Zendesk customer data is stored in so-called shards, which are basically separate MySQL databases. One of these shards crashed hard yesterday, Thursday at 10:42am PT (19:42 CET). We switched to the hot backup immediately and the site began serving data five minutes later. At 11:10am site performance reached normal levels. Fifteen minutes later, a configuration change made under heavy load, caused the second database to unexpectedly shutdown. The database restarted immediately. However, the affected sites recovered in read only mode and remained up but not writable until 11:44am PT, when the database went back to normal.
So, despite having hot back ups and procedures in place, most customers experienced a full hour of interruptions yesterday.
Immediately after the crash, we initiated root cause analysis and involved our external MySQL support providers. This morning, we identified the root cause of the crash, which turned out to be a rare data corruption bug in the database version we’re running.
Unfortunately, the same shard crashed again this morning at 5:08am PT (14:08 CET) before we could implement the identified patches. This time the hot backup took over without issues. However, since the incident happened early morning local time, there was a delay on our initial response and most customers experienced service interruptions for up to 25 minutes.
Tonight, we will be having a 10 minute maintenance window at 7pm PT (Saturday 4:00 CET) to upgrade our database software.
Patching the software and getting rid of the MySQL related bug is the first step. We will also make sure that all stable patches are implemented prior to having incidents occur, rather than after the fact.
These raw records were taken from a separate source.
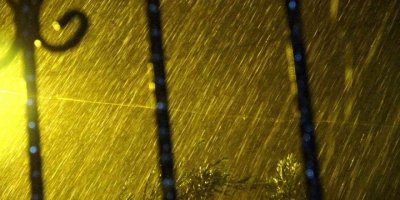 Osmaniye’de gök gürültülü sağanak yağış etkili oluyor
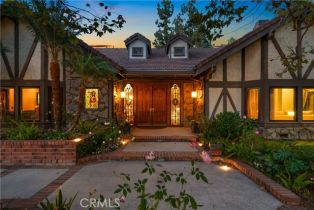 Single Family Residence, 17555 Embassy dr, Encino, CA 91316 - 5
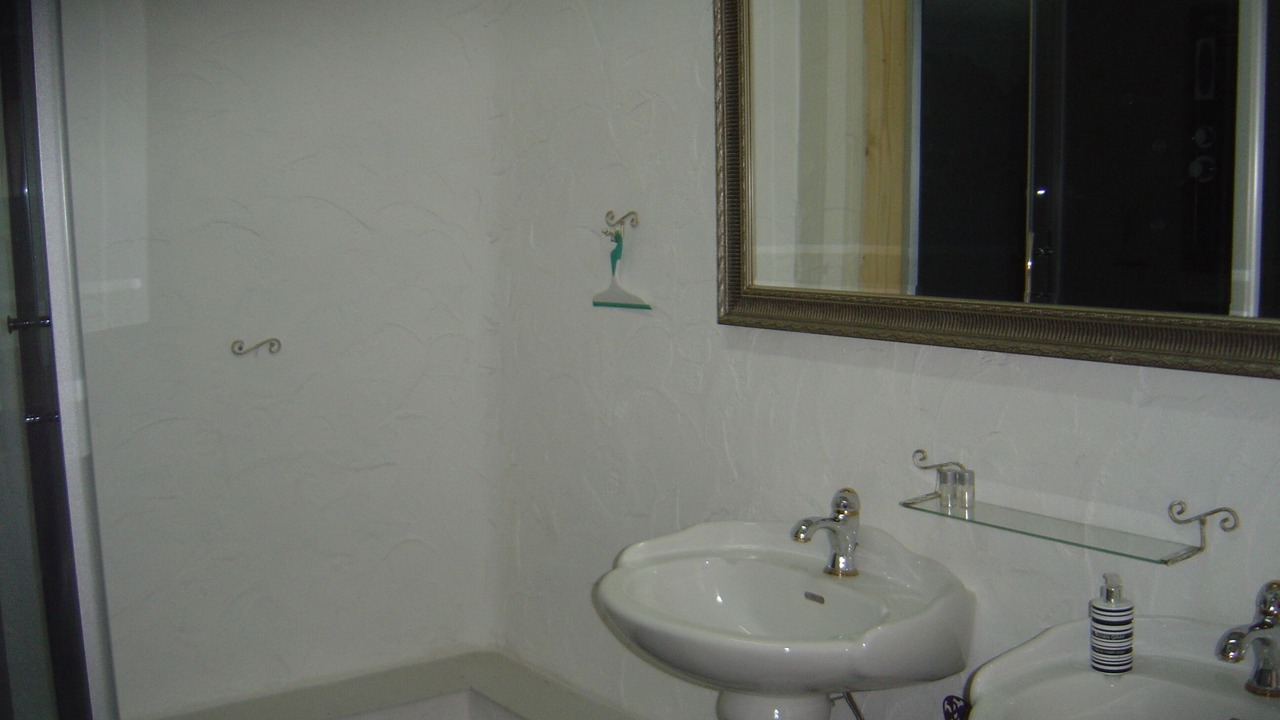 Photo of Bathroom in Saint-Prix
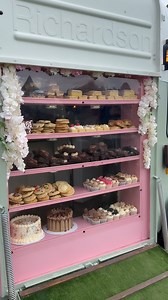 6.1K reactions · 317 comments | Apparently you guys are obsessed with me opening the cake & coffee trailer hatch… and honestly, same 療 #cake #cupcakes #coffeetrailer #coffee #horseboxconversion | CupCake’Creations | Facebook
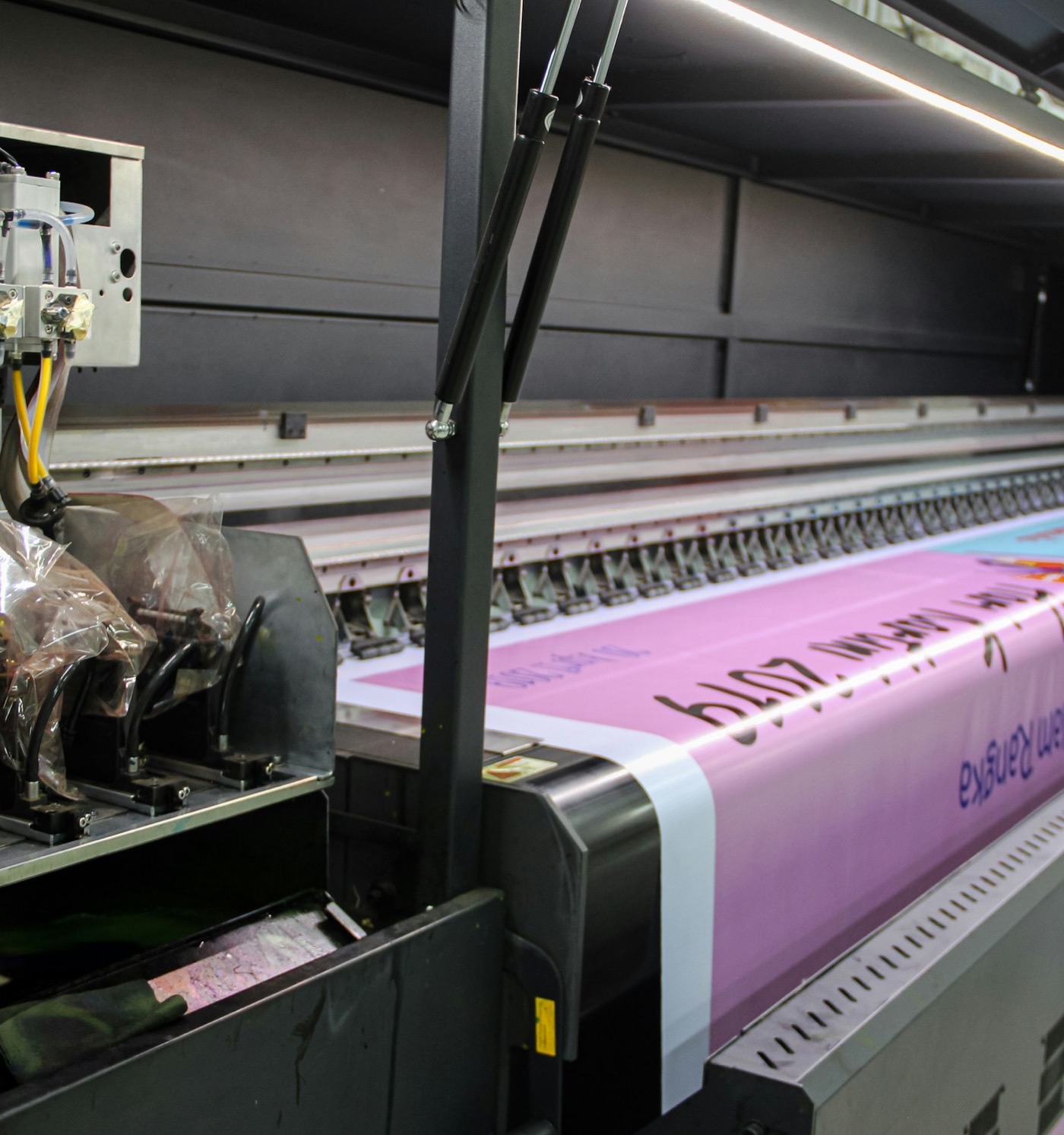 Cabezales y líneas de tinta de una impresora industrial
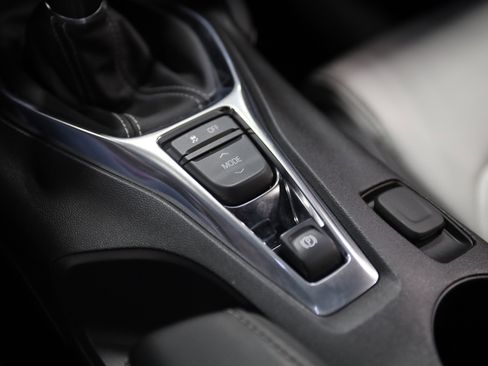 Used 2018 Chevrolet Camaro SS RWD image 33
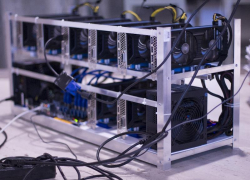 Биткоины рулят: краснодарец продал аккумулятор под видом майнинговой фермы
The next step is to improve our hot swap database capabilities; for this we are doubling our database capacity and adding more hardware in the first week of June.
Finally, we will improve our internal notification and escalation procedures to be more swift when incidents happen, even in the wee hours of the morning.
On behalf of the Zendesk Ops team and all of Zendesk, I want to apologize to our customers for the interruption. Twice in 24 hours is just unacceptable and we will do whatever it takes to ensure that that doesn’t happen again. We’ve experienced 100% uptime in the last two months, and during the last 12 months we’ve only seen one month drop below 99.9% uptime. But we realize that all of that doesn’t matter when something like this happens.
We are disappointed and we will work harder to do better. Your trust is what matters to us.